### Try it
Filter the listing so that only lines with the word "long" remain.

..........

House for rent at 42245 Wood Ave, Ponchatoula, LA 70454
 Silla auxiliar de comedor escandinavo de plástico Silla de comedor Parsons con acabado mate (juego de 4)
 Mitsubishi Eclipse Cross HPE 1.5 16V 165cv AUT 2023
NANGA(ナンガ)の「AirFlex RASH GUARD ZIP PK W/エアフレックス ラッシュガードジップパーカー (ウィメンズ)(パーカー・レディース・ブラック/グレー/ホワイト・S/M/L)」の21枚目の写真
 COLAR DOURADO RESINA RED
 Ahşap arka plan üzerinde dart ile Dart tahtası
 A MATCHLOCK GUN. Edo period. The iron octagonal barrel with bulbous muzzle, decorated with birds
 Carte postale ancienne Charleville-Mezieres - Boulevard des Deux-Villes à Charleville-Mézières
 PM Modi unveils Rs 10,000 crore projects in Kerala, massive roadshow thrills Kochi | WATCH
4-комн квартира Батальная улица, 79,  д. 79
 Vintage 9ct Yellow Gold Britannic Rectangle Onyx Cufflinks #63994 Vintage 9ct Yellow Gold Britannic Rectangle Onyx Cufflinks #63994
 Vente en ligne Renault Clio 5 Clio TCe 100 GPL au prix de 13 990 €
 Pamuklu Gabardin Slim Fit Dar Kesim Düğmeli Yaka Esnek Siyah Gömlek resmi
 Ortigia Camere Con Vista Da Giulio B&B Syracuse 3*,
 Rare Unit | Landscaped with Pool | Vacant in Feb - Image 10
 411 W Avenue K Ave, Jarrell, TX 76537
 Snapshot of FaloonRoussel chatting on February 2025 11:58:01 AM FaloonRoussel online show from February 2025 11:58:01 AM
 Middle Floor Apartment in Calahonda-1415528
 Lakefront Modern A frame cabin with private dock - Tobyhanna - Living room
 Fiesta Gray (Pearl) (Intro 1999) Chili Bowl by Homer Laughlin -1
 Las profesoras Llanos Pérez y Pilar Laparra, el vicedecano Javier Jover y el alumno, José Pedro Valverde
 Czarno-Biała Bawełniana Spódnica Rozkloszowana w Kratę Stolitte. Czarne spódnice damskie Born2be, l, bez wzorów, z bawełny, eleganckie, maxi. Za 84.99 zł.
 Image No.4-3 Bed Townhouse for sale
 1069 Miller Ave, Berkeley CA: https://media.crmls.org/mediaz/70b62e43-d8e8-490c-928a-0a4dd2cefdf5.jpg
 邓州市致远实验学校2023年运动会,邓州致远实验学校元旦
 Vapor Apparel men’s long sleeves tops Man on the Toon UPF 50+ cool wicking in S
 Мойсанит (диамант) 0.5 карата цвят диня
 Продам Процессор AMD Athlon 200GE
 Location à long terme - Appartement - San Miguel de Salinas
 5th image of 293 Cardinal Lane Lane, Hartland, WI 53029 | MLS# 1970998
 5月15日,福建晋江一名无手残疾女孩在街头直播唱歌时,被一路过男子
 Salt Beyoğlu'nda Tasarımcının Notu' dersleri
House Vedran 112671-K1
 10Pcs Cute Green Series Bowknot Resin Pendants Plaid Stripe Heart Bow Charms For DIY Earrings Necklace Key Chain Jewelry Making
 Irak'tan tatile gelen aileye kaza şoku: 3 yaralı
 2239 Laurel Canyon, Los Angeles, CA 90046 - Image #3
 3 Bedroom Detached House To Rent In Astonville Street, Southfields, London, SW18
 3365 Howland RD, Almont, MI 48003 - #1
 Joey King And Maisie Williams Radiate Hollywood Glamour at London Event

..........

### Worked solution
 Vapor Apparel men’s long sleeves tops Man on the Toon UPF 50+ cool wicking in S
 Location à long terme - Appartement - San Miguel de Salinas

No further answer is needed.